Engine and Drivetrain
The Z4 sDrive35i gets is power from BMW’s twin-turbo 3.0-liter inline six-cylinder engine, which puts out 300 horsepower and 300 lb-ft of torque. A seven-speed dual-clutch gearbox flies through the gears, sending power to the rear wheels.
Interesting Vehicle Features and Options
A standard folding hardtop crams its way into the trunk of the Z4 for the first time, and is quick enough to enable the car to transform from coupe to roadster in the span of just 20 seconds. Dynamic cruise control comes standard, as do xenon headlamps and a tire pressure monitoring system, all of which are typically found on options lists.
Key Technology Evaluation
An 8.8-inch navigation screen folds up out of the dash, and is controlled by BMW’s new iDrive system. Best of all, this time around iDrive menus and controls actually seem to have been designed with some amount of logic. The usual audio options for iPod connectivity and high-output speakers with which to annoy your neighbors and fellow motorists are naturally on offer.

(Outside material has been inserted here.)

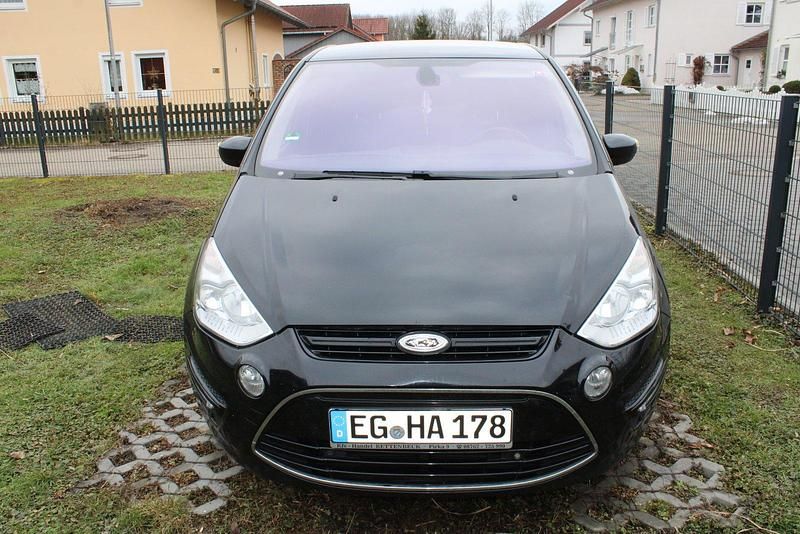 Gebraucht Ford C-MAX 120 PS (88 kW) 2011 Schwarz Van / Kleinbus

Green Evaluation/Gas Mileage
While a twin-turbo setup is more efficient than a similarly powered naturally aspirated engine, it goes without saying that to make power, fuel must be burned. In the Z4 sDrive35i, this translates to fuel economy figures of 17 mpg city, 24 mpg highway. With an MSRP of $51,650, a few extra bucks in the tank probably won’t be of too much concern.
A Closer Look: Vehicle Details
Despite a full redesign, the interior of the Z4 still maintains a distinct roadster feel with driver-oriented gauges and control dials. The Ivory White Nappa leather gives the interior a very clean, polished look, but be forewarned that it’s an expensive option. The same can be said of the navigation system.
Overall the shape of the new Z4 hasn’t changed too dramatically, though it has traded a few of its questionable curves for some more angular styling. The most obvious addition to its wardrobe is the folding hardtop roof. Those looking to upgrade wheel size will be pleased to know that both 18- and 19-inch wheels are available.
Market Segment and Pricing
With an MSRP of $51,650, all the Z4’s luxuries come at a price. As high as that number may appear, it’s still slightly less than the Z4 M Convertible it replaces. Competitors include the $50,950 Mercedes-Benz SLK350
, $56,700 Porsche Boxster S
, $47,950 Audi TTS
and, to a lesser extent, the $47,250 Lotus Elise
What We Think
Figuratively speaking, the Z4 has grown up a bit. Now that it’s both a roadster and a coupe, the interior, the styling and the handling have all been forced to mature. For those looking for a sleek, fast, luxurious and good looking cruiser, that’s all good news. However, the extra pounds the car has put on have made it a little less playful, so while the twin-turbo engine might suggest near-Z4 M performance, in reality those looking for a rabid drop-top monster may be better off picking up last year’s car. In red, of course.